§ **Work instruction**: Leaving the pictures aside, transcribe only and exactly the lines from the one with "Závodní křeslo Playseat Sensation Pro FIA Závodní" through the end of the entries, both included.

(Records drawn from a dataset)
- Opening Delimiter -

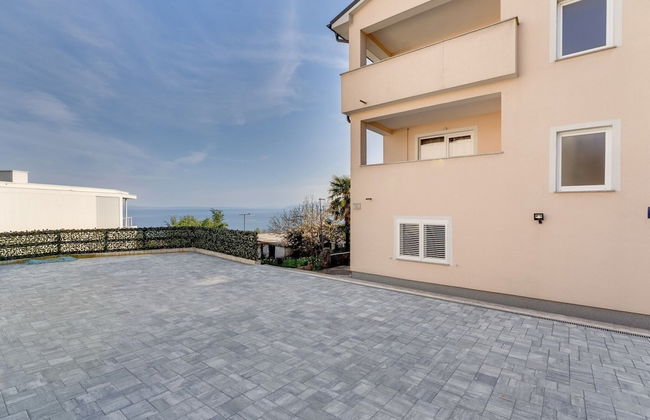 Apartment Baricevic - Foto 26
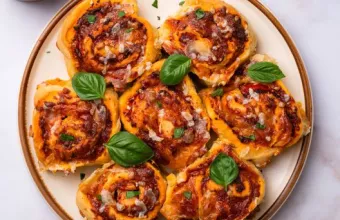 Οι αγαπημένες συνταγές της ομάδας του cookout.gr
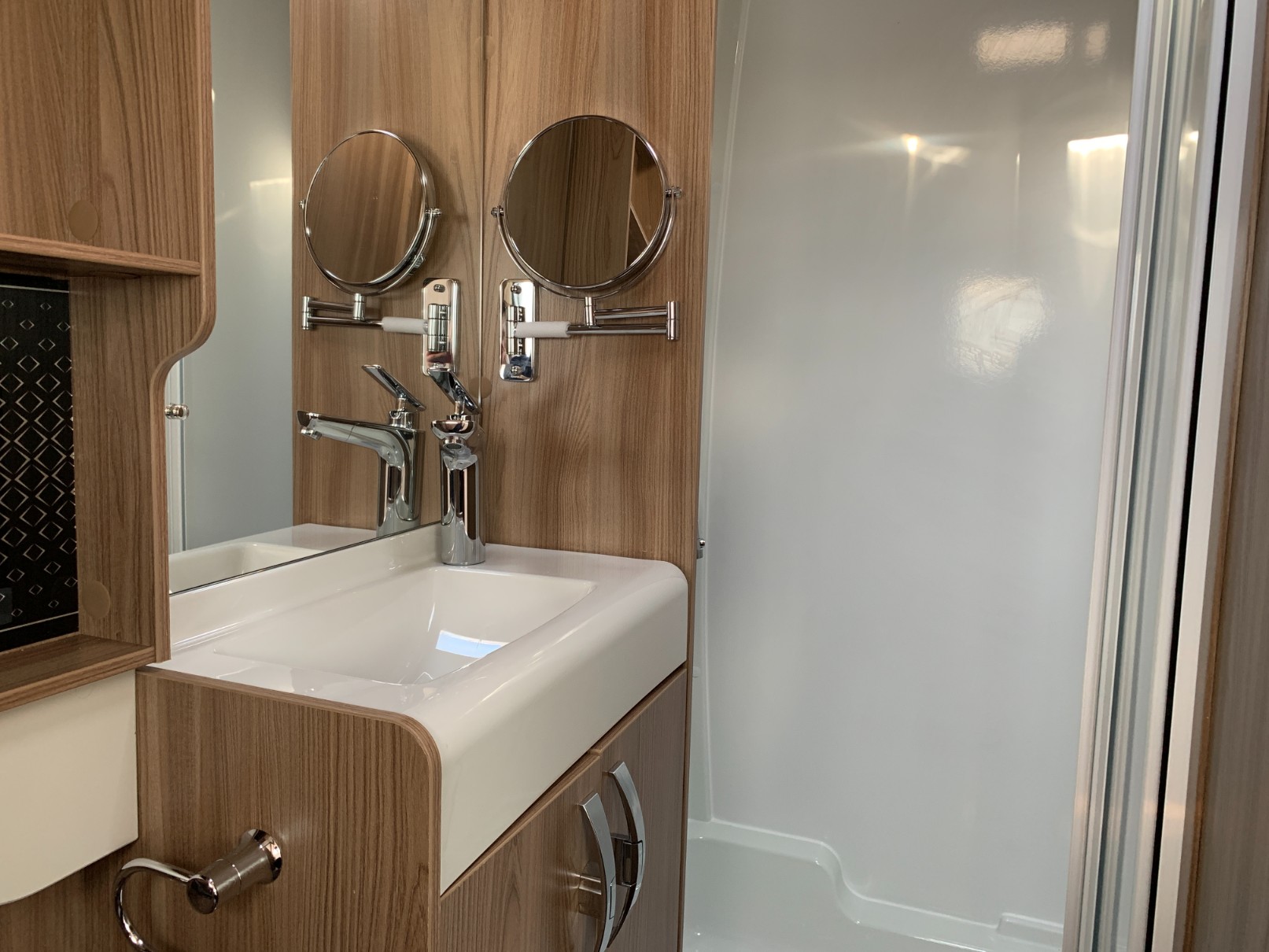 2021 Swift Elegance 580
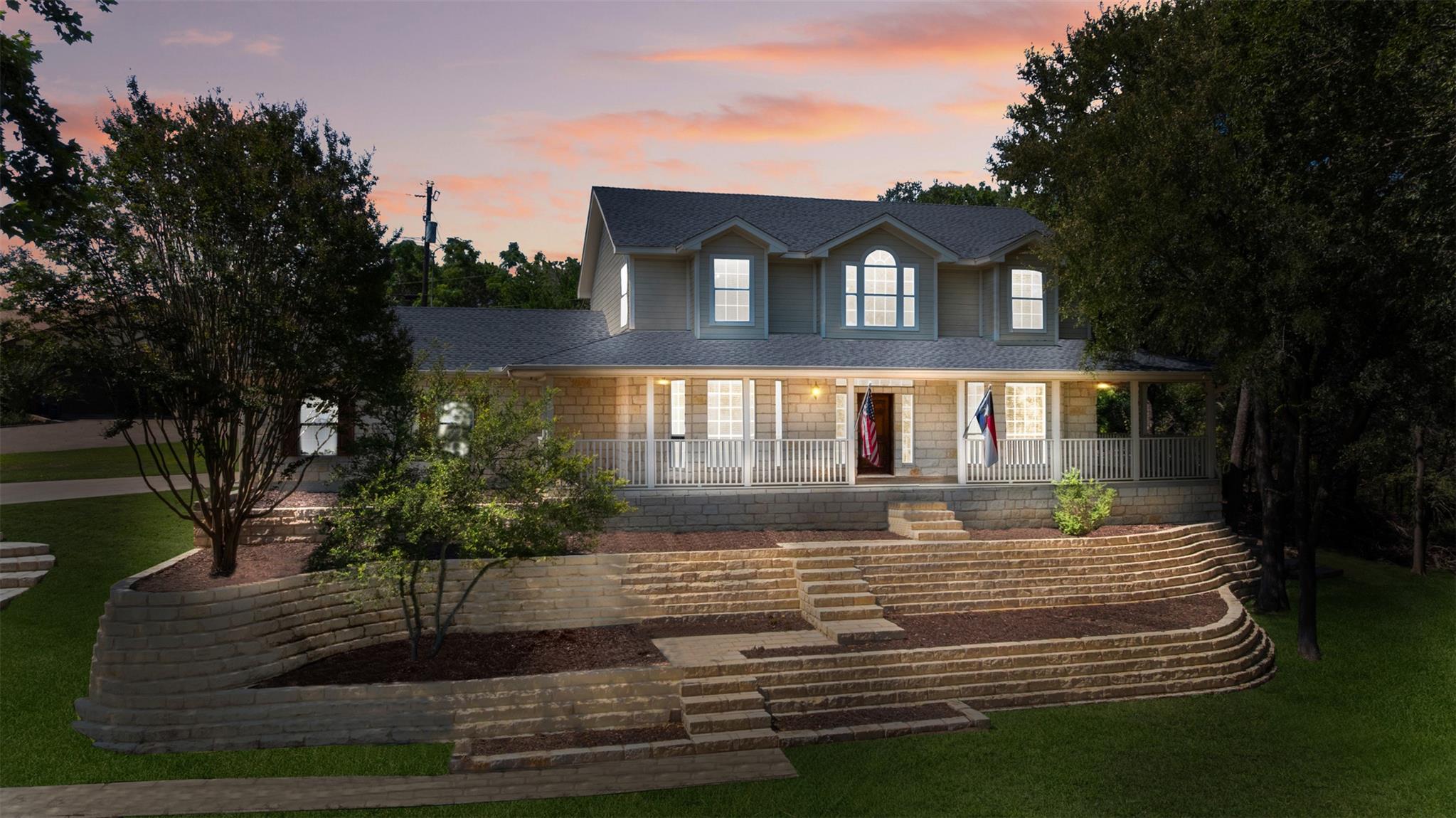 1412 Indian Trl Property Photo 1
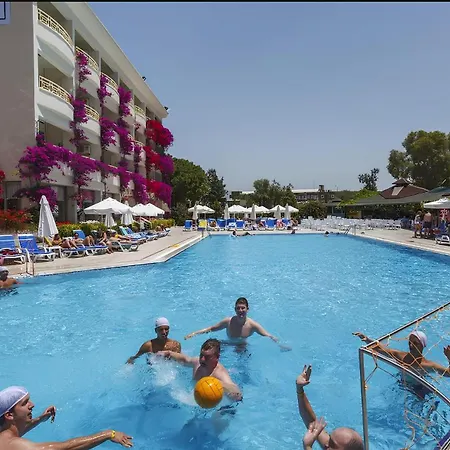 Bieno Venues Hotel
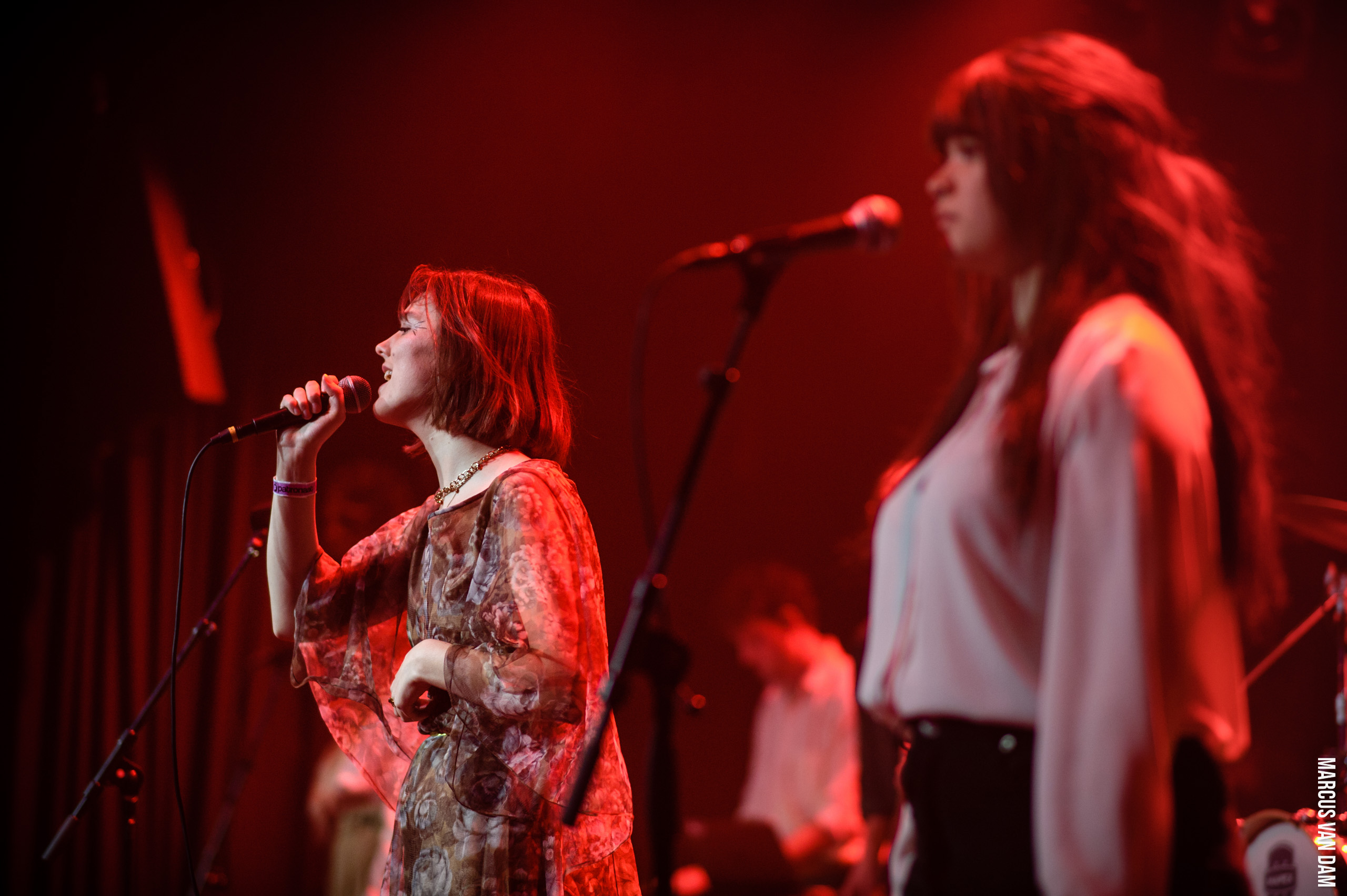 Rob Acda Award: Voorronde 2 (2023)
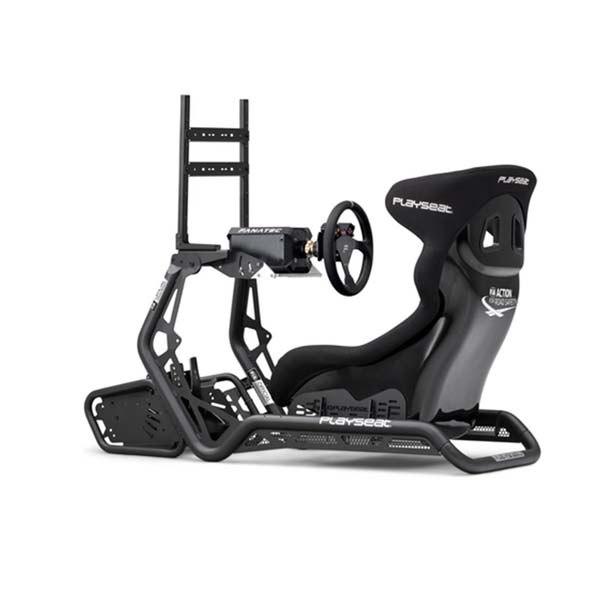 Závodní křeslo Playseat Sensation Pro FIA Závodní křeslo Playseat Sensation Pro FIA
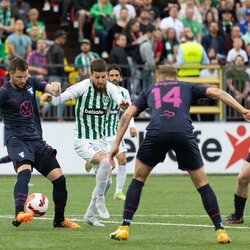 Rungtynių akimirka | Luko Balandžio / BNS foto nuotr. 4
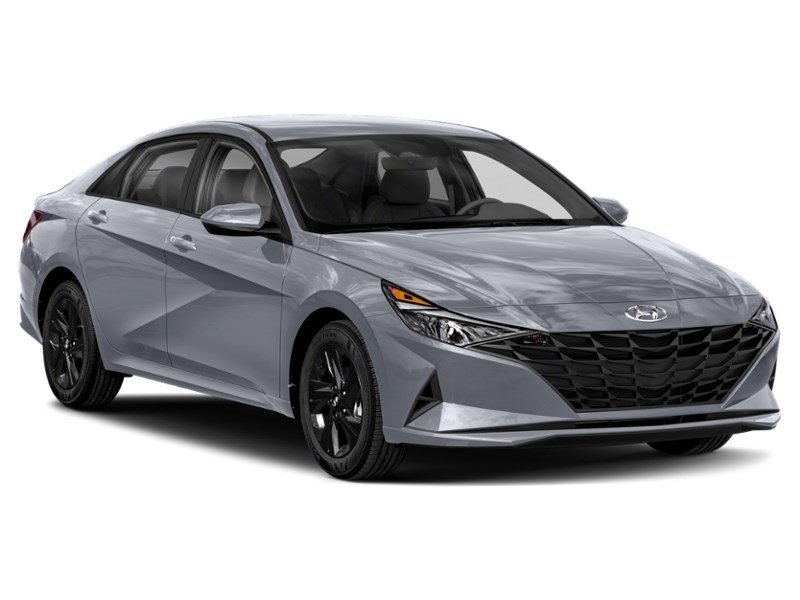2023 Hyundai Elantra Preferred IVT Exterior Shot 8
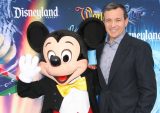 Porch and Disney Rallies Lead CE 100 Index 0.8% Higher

- Closing Delimiter -

§ **Task output**:
 Závodní křeslo Playseat Sensation Pro FIA Závodní křeslo Playseat Sensation Pro FIA
 Rungtynių akimirka | Luko Balandžio / BNS foto nuotr. 4
2023 Hyundai Elantra Preferred IVT Exterior Shot 8
 Porch and Disney Rallies Lead CE 100 Index 0.8% Higher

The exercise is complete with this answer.